The indigenous forester of Smutsville

While I was staying in Wilderness over the holidays, a friend took me to meet William Pedro of Smutsville township, Sedgefield, who has for the last 15 years been running a successful indigenous tree nursery tucked away in the forest at the foot of a coastal dune.

Sedgefield is a largely white community with a great many retired people, notorious for petty complaints to the local authorities. Smutsville, the impoverished township that supplies Sedgefield’s labour and soaks up its poverty, is hidden away out of sight in the coastal dunes, and Pedro’s nursery is hidden away in thickets at the foot of one of these dunes.

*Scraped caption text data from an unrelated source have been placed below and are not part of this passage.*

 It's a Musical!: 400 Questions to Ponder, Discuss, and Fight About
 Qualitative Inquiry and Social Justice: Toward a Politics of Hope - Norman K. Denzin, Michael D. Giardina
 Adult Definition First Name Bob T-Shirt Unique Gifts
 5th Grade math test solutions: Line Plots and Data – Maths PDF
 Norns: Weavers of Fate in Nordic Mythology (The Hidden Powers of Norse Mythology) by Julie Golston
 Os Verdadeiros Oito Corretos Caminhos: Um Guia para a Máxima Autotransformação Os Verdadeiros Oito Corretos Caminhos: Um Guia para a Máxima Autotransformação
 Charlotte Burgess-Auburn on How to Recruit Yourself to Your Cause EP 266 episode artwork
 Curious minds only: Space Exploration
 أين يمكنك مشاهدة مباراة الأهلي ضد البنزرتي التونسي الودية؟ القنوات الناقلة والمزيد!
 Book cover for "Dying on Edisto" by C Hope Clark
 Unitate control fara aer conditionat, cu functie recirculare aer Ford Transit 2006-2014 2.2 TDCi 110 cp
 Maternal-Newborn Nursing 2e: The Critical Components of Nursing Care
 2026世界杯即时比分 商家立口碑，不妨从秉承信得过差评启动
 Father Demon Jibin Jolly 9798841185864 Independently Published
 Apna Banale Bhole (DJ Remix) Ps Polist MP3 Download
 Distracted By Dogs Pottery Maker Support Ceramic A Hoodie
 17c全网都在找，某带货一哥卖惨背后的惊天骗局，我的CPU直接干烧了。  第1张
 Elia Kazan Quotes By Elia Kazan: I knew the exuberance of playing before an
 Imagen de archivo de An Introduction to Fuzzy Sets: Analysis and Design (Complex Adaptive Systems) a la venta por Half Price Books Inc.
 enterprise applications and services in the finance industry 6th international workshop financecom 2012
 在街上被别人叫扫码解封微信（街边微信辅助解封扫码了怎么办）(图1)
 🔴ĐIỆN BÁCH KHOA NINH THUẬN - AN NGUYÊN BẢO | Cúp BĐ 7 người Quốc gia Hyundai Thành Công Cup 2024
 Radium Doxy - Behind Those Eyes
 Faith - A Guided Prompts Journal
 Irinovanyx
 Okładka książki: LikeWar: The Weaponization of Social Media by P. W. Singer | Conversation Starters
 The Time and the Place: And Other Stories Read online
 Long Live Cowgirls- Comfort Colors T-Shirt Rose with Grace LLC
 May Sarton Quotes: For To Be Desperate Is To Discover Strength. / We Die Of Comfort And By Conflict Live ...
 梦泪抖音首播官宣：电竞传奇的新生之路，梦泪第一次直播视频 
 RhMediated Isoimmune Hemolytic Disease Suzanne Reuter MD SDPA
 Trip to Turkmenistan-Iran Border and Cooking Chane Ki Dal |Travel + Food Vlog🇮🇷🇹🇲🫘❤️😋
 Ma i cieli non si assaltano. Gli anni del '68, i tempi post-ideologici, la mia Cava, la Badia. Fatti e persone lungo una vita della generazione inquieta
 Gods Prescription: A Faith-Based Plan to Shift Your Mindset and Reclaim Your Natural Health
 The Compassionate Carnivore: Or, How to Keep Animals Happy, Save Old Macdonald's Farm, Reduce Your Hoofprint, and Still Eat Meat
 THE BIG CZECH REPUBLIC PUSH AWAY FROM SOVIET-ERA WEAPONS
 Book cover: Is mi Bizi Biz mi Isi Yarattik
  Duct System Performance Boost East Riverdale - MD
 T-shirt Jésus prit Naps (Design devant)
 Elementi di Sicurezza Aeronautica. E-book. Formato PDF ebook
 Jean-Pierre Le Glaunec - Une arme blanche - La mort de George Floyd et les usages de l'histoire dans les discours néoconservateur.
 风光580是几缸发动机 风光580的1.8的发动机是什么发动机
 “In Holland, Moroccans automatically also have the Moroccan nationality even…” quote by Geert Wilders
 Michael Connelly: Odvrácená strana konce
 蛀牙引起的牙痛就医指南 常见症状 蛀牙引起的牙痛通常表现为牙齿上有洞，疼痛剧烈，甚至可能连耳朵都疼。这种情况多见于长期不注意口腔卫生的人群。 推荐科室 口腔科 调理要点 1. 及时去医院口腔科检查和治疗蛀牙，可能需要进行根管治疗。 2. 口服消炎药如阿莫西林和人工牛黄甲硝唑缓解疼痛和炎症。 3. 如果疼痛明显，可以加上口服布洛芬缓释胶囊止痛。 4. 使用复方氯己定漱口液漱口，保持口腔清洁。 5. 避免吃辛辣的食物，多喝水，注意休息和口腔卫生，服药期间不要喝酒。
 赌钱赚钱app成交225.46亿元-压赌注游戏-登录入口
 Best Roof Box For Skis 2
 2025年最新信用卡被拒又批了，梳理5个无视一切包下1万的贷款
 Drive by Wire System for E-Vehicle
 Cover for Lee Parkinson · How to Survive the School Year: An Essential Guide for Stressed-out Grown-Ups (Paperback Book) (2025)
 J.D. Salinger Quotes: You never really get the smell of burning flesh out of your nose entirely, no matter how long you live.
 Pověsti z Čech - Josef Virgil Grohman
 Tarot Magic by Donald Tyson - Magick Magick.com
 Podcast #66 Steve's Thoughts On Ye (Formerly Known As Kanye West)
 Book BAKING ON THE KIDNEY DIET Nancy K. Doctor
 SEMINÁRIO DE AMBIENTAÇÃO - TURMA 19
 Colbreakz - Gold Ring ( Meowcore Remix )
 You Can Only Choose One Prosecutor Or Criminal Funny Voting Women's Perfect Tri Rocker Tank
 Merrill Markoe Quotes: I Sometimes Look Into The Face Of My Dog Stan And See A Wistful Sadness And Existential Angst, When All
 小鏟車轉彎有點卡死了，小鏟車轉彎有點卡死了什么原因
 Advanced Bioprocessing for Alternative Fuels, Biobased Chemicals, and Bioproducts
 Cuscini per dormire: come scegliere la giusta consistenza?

You’d not know it’s there, looking from the cluttered streets of the townships, where the presence of two white men in my friend’s bakkie (small pickup) provokes sarcastic and, um, colourful comments from some locals as we drive by.

Speaking in Afrikaans, Pedro tells us about the droughts he has seen in this region, particularly around 1960, when rivers that usually flow strongly dried up completely.

“The earth has its own cycles; when it must, it reduces the human population with sickness or disaster. I have learned these things over 50 years of observation.”

“When the Department of Land Affairs pulled out from this venture, I had to make this nursery work myself.”

Now he supplies trees to numerous other local retail nurseries – which probably sell them for four times what he charges. He is highly critical of the dependence of many in his community on government and white people for money and work.

On a sweltering day, his nursery was a small, cool paradise beneath the trees, where he is now in the midst of planting a million new seedlings that hopefully will end up around the much-deforested southern Cape to slow climate change and species loss.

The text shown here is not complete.